═════ Listed records

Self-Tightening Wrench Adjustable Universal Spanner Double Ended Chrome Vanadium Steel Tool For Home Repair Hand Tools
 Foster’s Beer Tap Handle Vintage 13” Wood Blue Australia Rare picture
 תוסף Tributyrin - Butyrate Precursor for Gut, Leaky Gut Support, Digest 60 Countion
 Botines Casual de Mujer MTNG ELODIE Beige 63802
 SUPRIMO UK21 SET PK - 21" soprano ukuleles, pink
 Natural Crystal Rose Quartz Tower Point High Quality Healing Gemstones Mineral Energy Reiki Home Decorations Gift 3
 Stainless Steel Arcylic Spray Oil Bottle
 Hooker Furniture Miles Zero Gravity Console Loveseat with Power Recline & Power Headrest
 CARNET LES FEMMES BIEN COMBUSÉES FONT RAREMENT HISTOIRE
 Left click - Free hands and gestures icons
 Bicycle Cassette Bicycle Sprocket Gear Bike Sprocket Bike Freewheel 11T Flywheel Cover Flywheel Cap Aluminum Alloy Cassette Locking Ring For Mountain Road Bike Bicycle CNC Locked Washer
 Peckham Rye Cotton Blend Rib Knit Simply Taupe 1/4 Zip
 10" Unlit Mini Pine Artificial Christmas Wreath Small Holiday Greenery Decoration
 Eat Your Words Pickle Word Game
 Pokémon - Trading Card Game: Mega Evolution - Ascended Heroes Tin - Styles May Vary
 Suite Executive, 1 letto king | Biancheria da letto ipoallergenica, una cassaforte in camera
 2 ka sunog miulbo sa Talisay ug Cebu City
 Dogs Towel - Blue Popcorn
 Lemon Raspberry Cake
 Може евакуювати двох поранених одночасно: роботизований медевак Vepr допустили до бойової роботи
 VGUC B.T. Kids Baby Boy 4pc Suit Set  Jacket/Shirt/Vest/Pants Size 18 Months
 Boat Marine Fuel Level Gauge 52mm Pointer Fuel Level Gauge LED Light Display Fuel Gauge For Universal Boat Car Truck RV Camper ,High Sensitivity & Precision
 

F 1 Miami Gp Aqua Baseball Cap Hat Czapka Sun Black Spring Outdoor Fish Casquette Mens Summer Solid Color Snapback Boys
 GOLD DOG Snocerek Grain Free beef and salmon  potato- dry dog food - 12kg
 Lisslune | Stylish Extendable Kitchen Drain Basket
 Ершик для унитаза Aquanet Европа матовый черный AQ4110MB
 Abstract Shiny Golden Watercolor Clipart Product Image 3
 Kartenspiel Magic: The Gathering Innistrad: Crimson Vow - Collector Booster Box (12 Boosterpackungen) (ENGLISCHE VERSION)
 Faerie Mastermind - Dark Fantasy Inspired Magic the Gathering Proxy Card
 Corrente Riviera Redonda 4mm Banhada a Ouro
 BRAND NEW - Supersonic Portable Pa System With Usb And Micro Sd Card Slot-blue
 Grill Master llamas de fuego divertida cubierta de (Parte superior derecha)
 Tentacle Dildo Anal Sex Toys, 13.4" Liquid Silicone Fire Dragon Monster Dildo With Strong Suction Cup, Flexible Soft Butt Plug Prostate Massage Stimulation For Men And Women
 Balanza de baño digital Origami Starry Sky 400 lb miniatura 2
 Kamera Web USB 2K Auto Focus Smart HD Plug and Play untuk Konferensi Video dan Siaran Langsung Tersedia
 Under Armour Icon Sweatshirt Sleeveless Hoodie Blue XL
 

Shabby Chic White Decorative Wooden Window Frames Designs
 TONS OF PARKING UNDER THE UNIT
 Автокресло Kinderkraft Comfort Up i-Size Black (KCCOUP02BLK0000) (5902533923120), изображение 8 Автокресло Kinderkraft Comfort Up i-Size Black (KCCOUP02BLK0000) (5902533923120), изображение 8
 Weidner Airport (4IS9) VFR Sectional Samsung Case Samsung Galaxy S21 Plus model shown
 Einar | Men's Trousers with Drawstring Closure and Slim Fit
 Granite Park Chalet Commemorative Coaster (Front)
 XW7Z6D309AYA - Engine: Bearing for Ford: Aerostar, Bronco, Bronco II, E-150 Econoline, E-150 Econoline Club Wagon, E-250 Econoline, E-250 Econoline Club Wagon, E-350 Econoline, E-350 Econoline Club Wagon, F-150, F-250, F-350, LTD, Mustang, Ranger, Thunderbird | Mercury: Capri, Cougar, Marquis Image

══════════

§ Work instruction
From the first line to the last, return the data above exactly.

§ Output for this exercise
Self-Tightening Wrench Adjustable Universal Spanner Double Ended Chrome Vanadium Steel Tool For Home Repair Hand Tools
 Foster’s Beer Tap Handle Vintage 13” Wood Blue Australia Rare picture
 תוסף Tributyrin - Butyrate Precursor for Gut, Leaky Gut Support, Digest 60 Countion
 Botines Casual de Mujer MTNG ELODIE Beige 63802
 SUPRIMO UK21 SET PK - 21" soprano ukuleles, pink
 Natural Crystal Rose Quartz Tower Point High Quality Healing Gemstones Mineral Energy Reiki Home Decorations Gift 3
 Stainless Steel Arcylic Spray Oil Bottle
 Hooker Furniture Miles Zero Gravity Console Loveseat with Power Recline & Power Headrest
 CARNET LES FEMMES BIEN COMBUSÉES FONT RAREMENT HISTOIRE
 Left click - Free hands and gestures icons
 Bicycle Cassette Bicycle Sprocket Gear Bike Sprocket Bike Freewheel 11T Flywheel Cover Flywheel Cap Aluminum Alloy Cassette Locking Ring For Mountain Road Bike Bicycle CNC Locked Washer
 Peckham Rye Cotton Blend Rib Knit Simply Taupe 1/4 Zip
 10" Unlit Mini Pine Artificial Christmas Wreath Small Holiday Greenery Decoration
 Eat Your Words Pickle Word Game
 Pokémon - Trading Card Game: Mega Evolution - Ascended Heroes Tin - Styles May Vary
 Suite Executive, 1 letto king | Biancheria da letto ipoallergenica, una cassaforte in camera
 2 ka sunog miulbo sa Talisay ug Cebu City
 Dogs Towel - Blue Popcorn
 Lemon Raspberry Cake
 Може евакуювати двох поранених одночасно: роботизований медевак Vepr допустили до бойової роботи
 VGUC B.T. Kids Baby Boy 4pc Suit Set  Jacket/Shirt/Vest/Pants Size 18 Months
 Boat Marine Fuel Level Gauge 52mm Pointer Fuel Level Gauge LED Light Display Fuel Gauge For Universal Boat Car Truck RV Camper ,High Sensitivity & Precision
 

F 1 Miami Gp Aqua Baseball Cap Hat Czapka Sun Black Spring Outdoor Fish Casquette Mens Summer Solid Color Snapback Boys
 GOLD DOG Snocerek Grain Free beef and salmon  potato- dry dog food - 12kg
 Lisslune | Stylish Extendable Kitchen Drain Basket
 Ершик для унитаза Aquanet Европа матовый черный AQ4110MB
 Abstract Shiny Golden Watercolor Clipart Product Image 3
 Kartenspiel Magic: The Gathering Innistrad: Crimson Vow - Collector Booster Box (12 Boosterpackungen) (ENGLISCHE VERSION)
 Faerie Mastermind - Dark Fantasy Inspired Magic the Gathering Proxy Card
 Corrente Riviera Redonda 4mm Banhada a Ouro
 BRAND NEW - Supersonic Portable Pa System With Usb And Micro Sd Card Slot-blue
 Grill Master llamas de fuego divertida cubierta de (Parte superior derecha)
 Tentacle Dildo Anal Sex Toys, 13.4" Liquid Silicone Fire Dragon Monster Dildo With Strong Suction Cup, Flexible Soft Butt Plug Prostate Massage Stimulation For Men And Women
 Balanza de baño digital Origami Starry Sky 400 lb miniatura 2
 Kamera Web USB 2K Auto Focus Smart HD Plug and Play untuk Konferensi Video dan Siaran Langsung Tersedia
 Under Armour Icon Sweatshirt Sleeveless Hoodie Blue XL
 

Shabby Chic White Decorative Wooden Window Frames Designs
 TONS OF PARKING UNDER THE UNIT
 Автокресло Kinderkraft Comfort Up i-Size Black (KCCOUP02BLK0000) (5902533923120), изображение 8 Автокресло Kinderkraft Comfort Up i-Size Black (KCCOUP02BLK0000) (5902533923120), изображение 8
 Weidner Airport (4IS9) VFR Sectional Samsung Case Samsung Galaxy S21 Plus model shown
 Einar | Men's Trousers with Drawstring Closure and Slim Fit
 Granite Park Chalet Commemorative Coaster (Front)
 XW7Z6D309AYA - Engine: Bearing for Ford: Aerostar, Bronco, Bronco II, E-150 Econoline, E-150 Econoline Club Wagon, E-250 Econoline, E-250 Econoline Club Wagon, E-350 Econoline, E-350 Econoline Club Wagon, F-150, F-250, F-350, LTD, Mustang, Ranger, Thunderbird | Mercury: Capri, Cougar, Marquis Image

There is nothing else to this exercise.